[Records from a data source]
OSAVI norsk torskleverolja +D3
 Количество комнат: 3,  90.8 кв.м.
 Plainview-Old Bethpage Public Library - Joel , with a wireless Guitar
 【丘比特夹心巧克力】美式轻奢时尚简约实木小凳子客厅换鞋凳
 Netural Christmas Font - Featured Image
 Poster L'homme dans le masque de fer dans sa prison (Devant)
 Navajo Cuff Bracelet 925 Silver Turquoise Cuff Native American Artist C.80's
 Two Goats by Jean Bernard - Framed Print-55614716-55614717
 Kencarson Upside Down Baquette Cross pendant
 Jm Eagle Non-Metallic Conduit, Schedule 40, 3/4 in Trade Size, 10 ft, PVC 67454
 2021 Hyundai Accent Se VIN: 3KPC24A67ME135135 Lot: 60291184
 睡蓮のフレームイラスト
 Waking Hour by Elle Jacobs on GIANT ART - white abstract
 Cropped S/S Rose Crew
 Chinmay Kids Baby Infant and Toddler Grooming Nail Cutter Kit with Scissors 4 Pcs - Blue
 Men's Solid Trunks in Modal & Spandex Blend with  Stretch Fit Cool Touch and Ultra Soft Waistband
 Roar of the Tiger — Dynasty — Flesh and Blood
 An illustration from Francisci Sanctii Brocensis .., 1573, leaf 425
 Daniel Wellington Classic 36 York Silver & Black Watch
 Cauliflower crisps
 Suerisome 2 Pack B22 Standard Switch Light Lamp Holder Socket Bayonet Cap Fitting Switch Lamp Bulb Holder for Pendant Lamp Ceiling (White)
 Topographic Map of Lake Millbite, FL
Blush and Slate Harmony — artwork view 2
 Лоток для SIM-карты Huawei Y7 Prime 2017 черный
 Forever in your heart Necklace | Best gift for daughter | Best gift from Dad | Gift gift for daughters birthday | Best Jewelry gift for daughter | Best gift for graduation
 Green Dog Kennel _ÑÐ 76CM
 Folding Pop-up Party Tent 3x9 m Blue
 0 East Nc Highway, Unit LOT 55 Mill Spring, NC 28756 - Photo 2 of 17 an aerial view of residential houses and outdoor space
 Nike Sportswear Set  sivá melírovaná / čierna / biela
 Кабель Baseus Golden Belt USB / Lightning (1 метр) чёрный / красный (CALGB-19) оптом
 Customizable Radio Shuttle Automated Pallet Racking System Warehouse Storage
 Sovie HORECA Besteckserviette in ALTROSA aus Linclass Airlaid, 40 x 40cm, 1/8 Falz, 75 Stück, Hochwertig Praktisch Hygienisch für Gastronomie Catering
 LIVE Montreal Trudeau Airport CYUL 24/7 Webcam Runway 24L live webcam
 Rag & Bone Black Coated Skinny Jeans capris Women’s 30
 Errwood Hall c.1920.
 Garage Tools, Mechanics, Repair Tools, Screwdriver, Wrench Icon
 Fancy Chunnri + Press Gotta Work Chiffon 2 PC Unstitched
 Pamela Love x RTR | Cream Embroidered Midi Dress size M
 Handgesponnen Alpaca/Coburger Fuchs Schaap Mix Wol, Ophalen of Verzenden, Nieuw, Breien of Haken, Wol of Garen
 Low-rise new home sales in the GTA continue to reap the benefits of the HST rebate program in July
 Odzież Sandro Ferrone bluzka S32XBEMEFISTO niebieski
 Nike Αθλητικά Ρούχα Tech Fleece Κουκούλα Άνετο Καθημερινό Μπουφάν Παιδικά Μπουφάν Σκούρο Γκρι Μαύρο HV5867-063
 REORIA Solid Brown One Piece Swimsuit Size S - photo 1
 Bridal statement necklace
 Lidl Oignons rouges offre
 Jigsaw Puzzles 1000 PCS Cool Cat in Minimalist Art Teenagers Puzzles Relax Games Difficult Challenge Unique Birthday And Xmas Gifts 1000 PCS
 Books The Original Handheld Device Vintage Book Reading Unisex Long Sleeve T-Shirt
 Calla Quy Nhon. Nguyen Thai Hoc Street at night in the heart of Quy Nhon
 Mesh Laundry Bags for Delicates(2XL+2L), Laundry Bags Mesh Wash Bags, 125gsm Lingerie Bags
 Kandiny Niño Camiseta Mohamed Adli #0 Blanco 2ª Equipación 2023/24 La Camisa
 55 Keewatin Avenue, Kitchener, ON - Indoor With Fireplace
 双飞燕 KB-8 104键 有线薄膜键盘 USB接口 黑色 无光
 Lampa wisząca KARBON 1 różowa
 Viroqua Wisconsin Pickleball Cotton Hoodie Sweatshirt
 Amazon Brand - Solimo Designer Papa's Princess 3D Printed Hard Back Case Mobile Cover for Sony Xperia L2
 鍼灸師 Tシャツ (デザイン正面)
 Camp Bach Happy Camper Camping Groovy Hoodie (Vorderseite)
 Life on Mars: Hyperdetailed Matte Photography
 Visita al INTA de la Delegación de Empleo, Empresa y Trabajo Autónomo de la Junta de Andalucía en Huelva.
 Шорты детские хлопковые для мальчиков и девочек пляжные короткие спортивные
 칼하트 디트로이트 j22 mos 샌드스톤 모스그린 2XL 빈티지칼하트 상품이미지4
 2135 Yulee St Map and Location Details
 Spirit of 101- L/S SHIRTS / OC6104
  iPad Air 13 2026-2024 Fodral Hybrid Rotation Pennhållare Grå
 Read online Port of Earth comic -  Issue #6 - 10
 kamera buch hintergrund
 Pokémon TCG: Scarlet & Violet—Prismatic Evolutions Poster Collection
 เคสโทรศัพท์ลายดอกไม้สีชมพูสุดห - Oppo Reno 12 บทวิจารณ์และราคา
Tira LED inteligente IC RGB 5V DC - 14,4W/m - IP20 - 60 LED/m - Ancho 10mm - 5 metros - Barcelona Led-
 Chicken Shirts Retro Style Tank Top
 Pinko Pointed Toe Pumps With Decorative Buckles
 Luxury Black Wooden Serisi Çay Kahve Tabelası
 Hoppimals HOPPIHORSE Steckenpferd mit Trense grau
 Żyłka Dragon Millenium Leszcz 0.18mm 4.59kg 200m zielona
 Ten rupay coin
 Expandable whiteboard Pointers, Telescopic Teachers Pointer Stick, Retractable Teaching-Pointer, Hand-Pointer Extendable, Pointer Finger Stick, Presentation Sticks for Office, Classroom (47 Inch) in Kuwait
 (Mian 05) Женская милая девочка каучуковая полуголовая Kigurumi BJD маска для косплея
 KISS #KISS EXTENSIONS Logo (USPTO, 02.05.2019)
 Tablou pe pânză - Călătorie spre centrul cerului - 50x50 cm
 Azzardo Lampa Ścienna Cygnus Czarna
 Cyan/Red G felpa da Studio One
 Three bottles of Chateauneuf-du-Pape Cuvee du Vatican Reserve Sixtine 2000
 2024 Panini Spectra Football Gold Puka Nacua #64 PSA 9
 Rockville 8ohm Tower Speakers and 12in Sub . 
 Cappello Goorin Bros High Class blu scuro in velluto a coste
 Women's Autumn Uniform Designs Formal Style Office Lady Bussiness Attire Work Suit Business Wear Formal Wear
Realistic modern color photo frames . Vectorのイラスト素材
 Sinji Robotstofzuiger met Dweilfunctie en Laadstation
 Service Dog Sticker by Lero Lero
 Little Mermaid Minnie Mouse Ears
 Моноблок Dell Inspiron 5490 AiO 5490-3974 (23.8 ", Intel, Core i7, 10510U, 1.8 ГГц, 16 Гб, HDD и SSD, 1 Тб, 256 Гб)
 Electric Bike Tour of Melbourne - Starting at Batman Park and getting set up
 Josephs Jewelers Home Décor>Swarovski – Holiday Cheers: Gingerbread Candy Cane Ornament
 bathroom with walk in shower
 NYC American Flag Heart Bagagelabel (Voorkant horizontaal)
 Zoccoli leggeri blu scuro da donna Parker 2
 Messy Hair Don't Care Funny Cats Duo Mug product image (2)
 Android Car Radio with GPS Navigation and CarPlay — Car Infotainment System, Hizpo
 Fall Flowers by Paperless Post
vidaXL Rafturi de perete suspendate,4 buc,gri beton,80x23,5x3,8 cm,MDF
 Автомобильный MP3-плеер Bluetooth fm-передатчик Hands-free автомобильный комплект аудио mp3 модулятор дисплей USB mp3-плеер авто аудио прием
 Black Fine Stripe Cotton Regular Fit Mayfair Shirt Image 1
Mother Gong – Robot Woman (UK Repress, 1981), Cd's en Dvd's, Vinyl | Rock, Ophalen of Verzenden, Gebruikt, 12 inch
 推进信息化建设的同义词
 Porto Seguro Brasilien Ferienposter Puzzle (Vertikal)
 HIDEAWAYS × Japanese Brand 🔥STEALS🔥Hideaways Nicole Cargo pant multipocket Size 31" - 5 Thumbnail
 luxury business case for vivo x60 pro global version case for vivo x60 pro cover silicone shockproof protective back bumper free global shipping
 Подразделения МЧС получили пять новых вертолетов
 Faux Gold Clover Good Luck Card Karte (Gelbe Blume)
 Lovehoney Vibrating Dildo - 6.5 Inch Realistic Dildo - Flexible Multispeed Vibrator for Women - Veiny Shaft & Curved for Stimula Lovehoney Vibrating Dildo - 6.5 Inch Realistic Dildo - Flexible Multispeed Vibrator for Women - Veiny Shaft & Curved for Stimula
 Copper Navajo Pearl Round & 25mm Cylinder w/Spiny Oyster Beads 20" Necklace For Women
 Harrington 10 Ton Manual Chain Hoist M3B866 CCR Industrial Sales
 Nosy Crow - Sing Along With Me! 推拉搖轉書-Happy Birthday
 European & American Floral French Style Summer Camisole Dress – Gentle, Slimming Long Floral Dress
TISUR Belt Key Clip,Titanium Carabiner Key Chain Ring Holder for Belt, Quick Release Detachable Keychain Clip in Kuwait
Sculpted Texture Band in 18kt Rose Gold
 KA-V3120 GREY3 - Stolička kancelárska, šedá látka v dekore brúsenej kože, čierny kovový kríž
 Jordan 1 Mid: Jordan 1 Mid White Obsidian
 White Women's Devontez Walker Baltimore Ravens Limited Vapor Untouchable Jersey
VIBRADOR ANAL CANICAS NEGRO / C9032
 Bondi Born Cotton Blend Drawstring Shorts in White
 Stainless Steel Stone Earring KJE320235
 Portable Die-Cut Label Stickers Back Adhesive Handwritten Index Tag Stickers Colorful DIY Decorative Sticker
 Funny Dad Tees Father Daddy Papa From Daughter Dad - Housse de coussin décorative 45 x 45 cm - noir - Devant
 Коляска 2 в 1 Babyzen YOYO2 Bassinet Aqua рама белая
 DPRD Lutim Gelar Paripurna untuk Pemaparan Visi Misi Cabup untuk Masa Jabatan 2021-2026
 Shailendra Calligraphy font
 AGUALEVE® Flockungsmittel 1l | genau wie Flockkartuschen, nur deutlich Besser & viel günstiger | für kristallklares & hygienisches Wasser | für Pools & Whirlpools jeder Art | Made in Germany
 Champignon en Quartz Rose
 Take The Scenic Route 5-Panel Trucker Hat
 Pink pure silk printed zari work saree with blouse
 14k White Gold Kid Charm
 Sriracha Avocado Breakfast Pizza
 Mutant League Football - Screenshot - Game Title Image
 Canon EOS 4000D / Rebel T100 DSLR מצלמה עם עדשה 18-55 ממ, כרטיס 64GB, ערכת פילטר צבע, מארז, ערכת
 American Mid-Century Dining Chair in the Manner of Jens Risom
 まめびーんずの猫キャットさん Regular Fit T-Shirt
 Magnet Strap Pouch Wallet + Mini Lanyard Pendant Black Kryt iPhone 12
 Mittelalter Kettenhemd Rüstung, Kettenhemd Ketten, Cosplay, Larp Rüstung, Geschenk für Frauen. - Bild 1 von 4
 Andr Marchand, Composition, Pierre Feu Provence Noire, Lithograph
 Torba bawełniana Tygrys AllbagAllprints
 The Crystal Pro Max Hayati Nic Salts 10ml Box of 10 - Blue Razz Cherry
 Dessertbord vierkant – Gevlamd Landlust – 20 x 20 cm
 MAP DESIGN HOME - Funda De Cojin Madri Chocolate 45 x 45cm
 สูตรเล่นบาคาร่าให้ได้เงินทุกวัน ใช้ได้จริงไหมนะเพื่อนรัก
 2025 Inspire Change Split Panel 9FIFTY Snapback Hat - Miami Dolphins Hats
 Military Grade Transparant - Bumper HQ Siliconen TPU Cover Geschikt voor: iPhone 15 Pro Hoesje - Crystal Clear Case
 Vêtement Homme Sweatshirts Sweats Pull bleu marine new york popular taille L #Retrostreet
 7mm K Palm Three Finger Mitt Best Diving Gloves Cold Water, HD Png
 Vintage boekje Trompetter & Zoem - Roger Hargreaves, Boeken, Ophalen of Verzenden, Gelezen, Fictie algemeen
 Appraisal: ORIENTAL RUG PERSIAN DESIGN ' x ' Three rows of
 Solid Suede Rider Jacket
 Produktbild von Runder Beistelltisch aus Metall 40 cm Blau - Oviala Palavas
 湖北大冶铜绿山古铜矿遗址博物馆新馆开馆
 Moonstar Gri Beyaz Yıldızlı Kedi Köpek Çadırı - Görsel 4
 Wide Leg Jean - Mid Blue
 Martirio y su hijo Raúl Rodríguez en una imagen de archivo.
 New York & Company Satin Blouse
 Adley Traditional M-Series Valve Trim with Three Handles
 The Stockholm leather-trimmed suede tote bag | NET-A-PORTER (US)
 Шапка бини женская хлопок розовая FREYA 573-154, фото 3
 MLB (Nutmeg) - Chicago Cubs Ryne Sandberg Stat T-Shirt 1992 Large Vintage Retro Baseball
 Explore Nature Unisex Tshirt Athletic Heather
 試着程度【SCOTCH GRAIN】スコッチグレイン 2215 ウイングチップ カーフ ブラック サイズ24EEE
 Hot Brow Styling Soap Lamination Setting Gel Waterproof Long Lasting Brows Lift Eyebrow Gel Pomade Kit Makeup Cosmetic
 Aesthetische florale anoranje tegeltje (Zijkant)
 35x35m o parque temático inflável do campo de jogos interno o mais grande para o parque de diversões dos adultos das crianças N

WORK INSTRUCTIONS: All lines from the one containing "Шапка бини женская" to the end of the data above are to be set down exactly; no others belong in the answer.

WORKED SOLUTION:
 Шапка бини женская хлопок розовая FREYA 573-154, фото 3
 MLB (Nutmeg) - Chicago Cubs Ryne Sandberg Stat T-Shirt 1992 Large Vintage Retro Baseball
 Explore Nature Unisex Tshirt Athletic Heather
 試着程度【SCOTCH GRAIN】スコッチグレイン 2215 ウイングチップ カーフ ブラック サイズ24EEE
 Hot Brow Styling Soap Lamination Setting Gel Waterproof Long Lasting Brows Lift Eyebrow Gel Pomade Kit Makeup Cosmetic
 Aesthetische florale anoranje tegeltje (Zijkant)
 35x35m o parque temático inflável do campo de jogos interno o mais grande para o parque de diversões dos adultos das crianças N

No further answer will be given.